The genes involved in the Noonan Spectrum of disorders include PTPN11, SOS1, KRAS, NRAS, HRAS, RAF1, BRAF, SHOC2, MAP2K2, MAP2K1, and CBL. These genes are all part of the Ras-mitogen activated protein kinase (MAPK) signaling pathway which is involved in cell growth, differentiation, and apoptosis. A recurrent mutation in the SHOC2 gene (p.Ser2Gly) has been identified in the subgroup of patients with Noonan-like syndrome with loose anagen hair. Mutations in these disorders are all inherited in an autosomal dominant pattern, although many cases are de novo.

Test Methods:

Analysis for mutations in the open reading frame of 11 genes (PTPN11, RAF1, SOS1, KRAS, NRAS, HRAS, BRAF, MAP2K2, MAP2K1, SHOC2, and CBL) involves PCR amplification of the coding region by Raindance technology followed by massively parallel sequencing on the MiSeq. Sequences are first aligned to the reference genome using the Burrows-Wheeler Alignment tool followed by SAMtools analysis. Targets not meeting sufficient depth of coverage criteria are sequenced by the Sanger sequencing. Subsequent analysis and annotation of variants was performed using customized bioinformatics pipeline. The presence of any potentially disease causing variant is confirmed by Sanger sequencing. Sequences are analyzed on an automated DNA sequencer (Life Technologies) and compared with control sequences. Sequence variations are classified into categories of disease causing mutations, benign variants, or variations of unknown clinical significance. Variants of unknown clinical significance may require additional studies.

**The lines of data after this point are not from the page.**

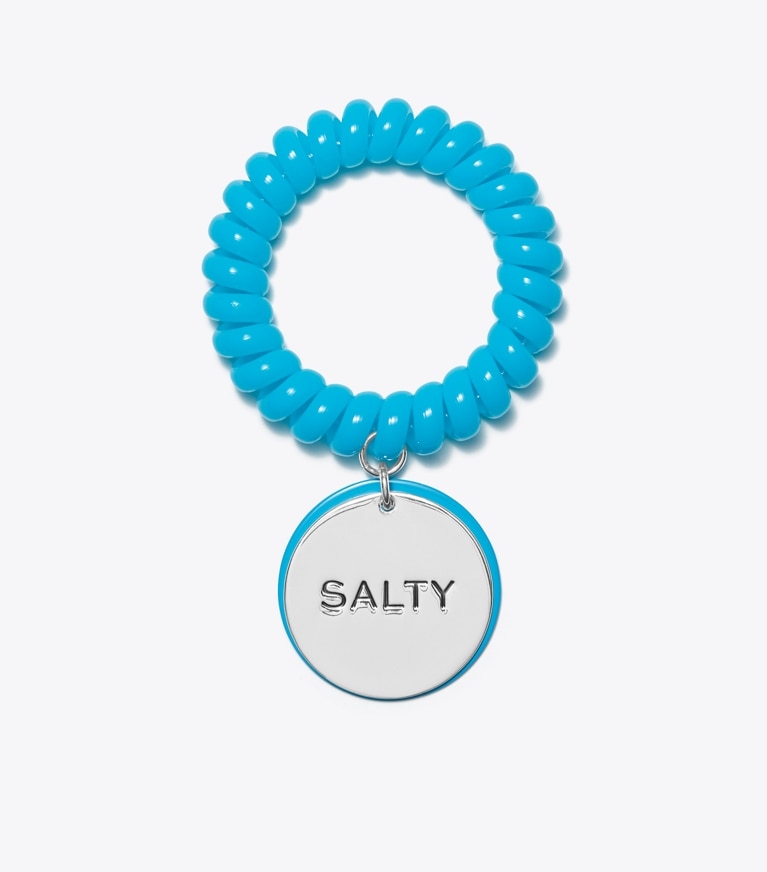 Tory Burch designer bracelets TB x BonBon Locker Room Bracelet in Cotton Candy front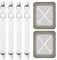 Funklu Bettlakenspanner Verstellbar, 4 Stück Lakenspanner für Faltenfreie Bettlaken, Elastische Betttuch Spanner mit Metallclip, für Bettlaken, Matratze, Bügelbrett Oder Sofa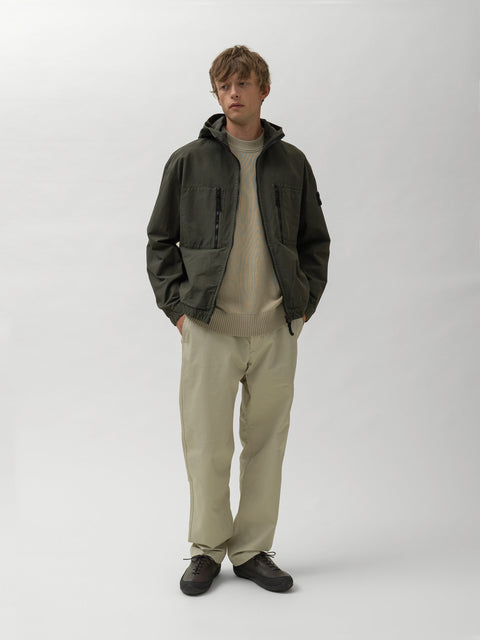 Stone Island Ghost Piece All Weather Cotton Canvas Pant Beige, Pants
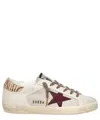 Golden Goose Super-star Distressed Sneakers In Beige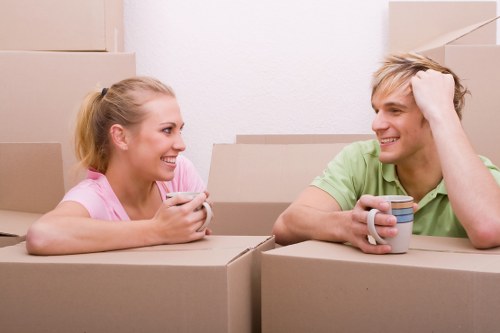 Secure payment and invoicing for a removals service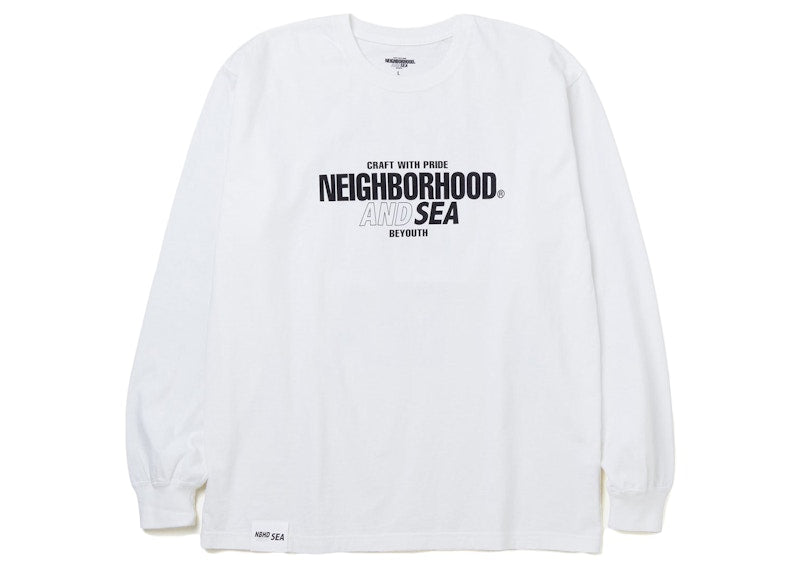 Neighborhood x Wind and Sea L/S Tee (SS23) White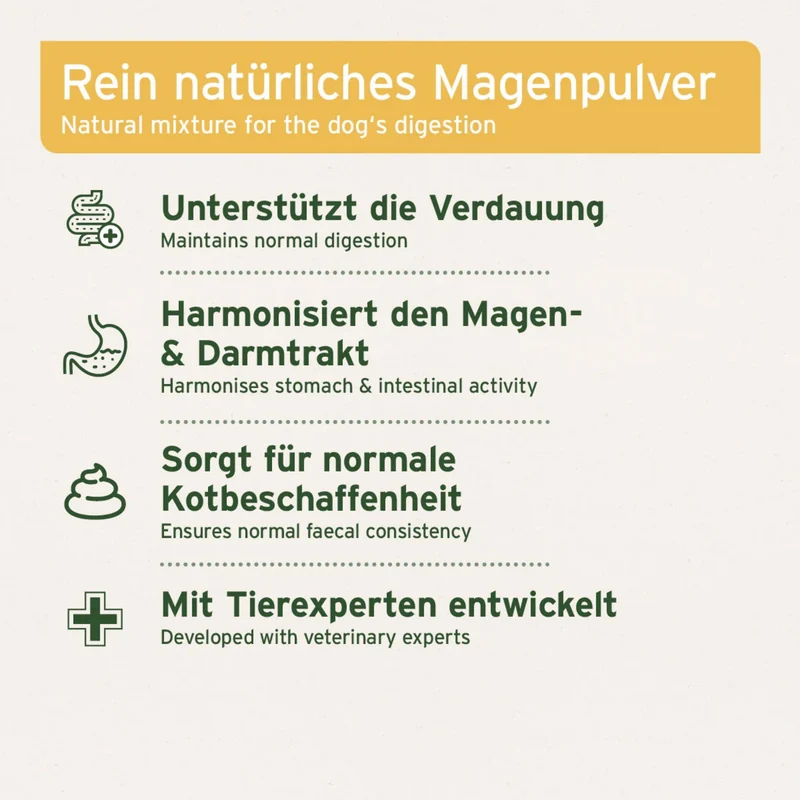 AniForte MagenSanft Granulatpulver für Hunde – Natürliche Unterstützung bei Verdauungsproblemen & weichem Kot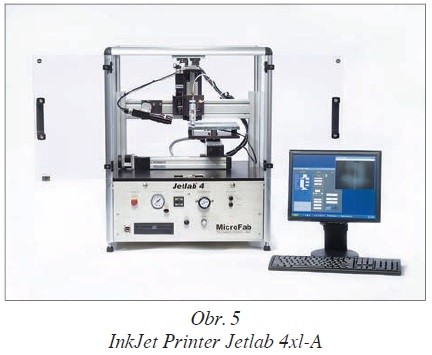 Obr. 5 InkJet Printer Jetlab 4xl-A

Sensitivity: This assay has greater than 99.7% sensitivity for detecting substitution variants and 1- 4 bp indels. Indels are typically not identified in the Noonan spectrum of disorders.

Reference Range: Mutations within the promoter regions, deep intronic regions or regulatory elements would also not be detected by this assay.

Sanger sequencing for individual Noonan Spectrum genes is also available.

Detection Rate:

Pathogenic mutations are identified in ~65-75% of individuals with a clinical diagnosis of Noonan syndrome, 90% of individuals with LEOPARD syndrome, 85% of cases with Costello syndrome and 90% of mutations in Cardiofaciocutaneous syndrome. The detection rate for Noonan-like syndrome with loose anagen hair is still unknown.

Related Tests:

Sanger sequencing for individual genes is also available.
Noonan-like dysmorphology has been reported in Legius syndrome patients with mutations in the SPRED1 gene. Testing for SPRED1 gene is offered in MGL.

Results:

Test results with interpretation will be mailed and/or faxed to the referring physician or send out lab following completion of the test. Additional reports will be provided as requested.

Utility:

The clinical utility of the assay is to support a clinical diagnosis of the disease, facilitate genetic counseling, and assess the risk to other first degree relatives and to facilitate testing of at - risk family members.

Remarks

Whole blood in EDTA purple top tubes is the preferred sample. High molecular weight genomic DNA, cheek epithelial cells, or other samples containing DNA may be acceptable. Contact the laboratory for specific instructions regarding such samples before sending the sample.